それは凄いですよ、200メートルくらい何もないのですからね…。柱と、便所の穴と、井戸だけで、あとは何も残っていない。壁が所々残っている。全部津波が海の中に引っ張っていったそうですね。おし寄せる時に壊して、そのあと引く時に全部持っていかれるそうですよ。200メートルくらいの幅で何時間車で走っても何もないのですよ。

元々そこにあったという漁村から内陸に300メートルほど入ったところに、日本で言うところのバラックの家々が州政府が仮の家として建てているのですね。翌年の6月にはそこへ行って実際の支援をしている網とかを渡したのですね。漁師さんたちですからね。その時に村民の方々が集まってきて、「誰ですか」と聞いたのでしょうね。支部の人が「私たちの支部のもう1つ上の組織の会長です」と答えたら、それは凄かったですよ。皆さんから握手を求められて…。

「あの時の水」が、と言っておられました。通訳さんが感激されましてね。泣いているのですよ。通訳さんがですよ。「私はこんな通訳をしたことがない」と…。インドの方ですよ。インド人の通訳さんが感激して泣いて。それまで三宅さんと言っていた通訳さんが三宅先生、先生と言うのですね。そのくらい感激したのでしょうね。

もうすでに時間になりましたね。この後ち質疑応答もありますが、最後にもう1つだけ。将来ということを話しておりませんからね。今までは現状だけをお話ししただけで、お約束は将来の展望もということでありましたので…。もう一寸だけ良いでしょうか。
それでは近々のことをお話しします。最初にお話ししましたが、『国際宗教同志会』という超宗派の組織があります。昭和二十二年1月に発会した組織で、今私が理事長をさせていただいています。これは例えば大阪で言うと神社であれば住吉さんとか今宮戎さんとかね、お寺で言うと四天王寺さんとかで、新宗教の方とか、色んな教団や組織が宗派を超えて56団体の方々が加わっておられる。

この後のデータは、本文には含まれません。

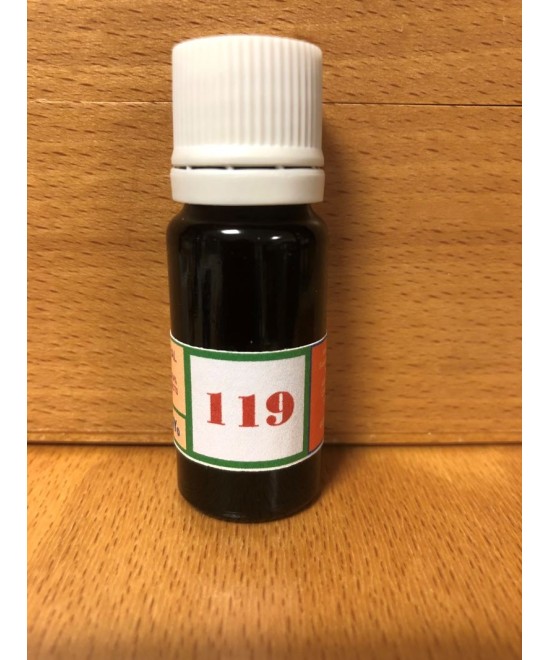 119 B- Supporting the functional nervous system.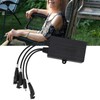 Pwshymi 1 Set of Recliner Controller Remote Control, 2.4G Single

実は、私が最も尊敬している宗教家のお1人がダライ・ラマ法王猊下。ダライ・ラマ法王って皆さんご存知ですか。チベットですね。こちらとのご縁が、この『国際宗教同志会』というものを通じてあるのですが。『国際宗教同志会』のメンバーで、常任理事をお願いしています辯天宗の大森先生。辯天宗管長ですね。皆さん辯天宗と言っても分からないでしょうが、金光教も高校野球が強いですが、辯天宗は「智辯学園」ですね。それから平岡先生は「清風学園」。体操の池谷選手とか卒業しているでしょう。あの「清風学園」。このお2人の先生は常任理事でしてね。他にもおられますが、このお2人は仏教者でしょう。ダライ・ラマ法王猊下のインドの亡命政府の、上の寺院と下の寺院を過去にお供えされたことがある。寺院ってお寺ですけれども、実際お寺と言うのか、昔の日本のお寺ですよ。奈良時代とかのね。学問所でもあり、生活する場所でもあり、拝む場所でもある。約500人ずつのお坊さんがそこのお寺に住んで、勉強をしているのですよ。それを寄贈された。だから『国際宗教同志会』とダライ・ラマ法王猊下とは非常にコネクションが強いのですよ。それでインドのでダライ・ラマ法王猊下のところに、たしか3年前でしたか、『国際宗教同志会』から私の代理で私の弟が団長で、10教団ほどの先生方が、インドのダラムサラに行かせてもらった。その時の縁もあるのでしょうね。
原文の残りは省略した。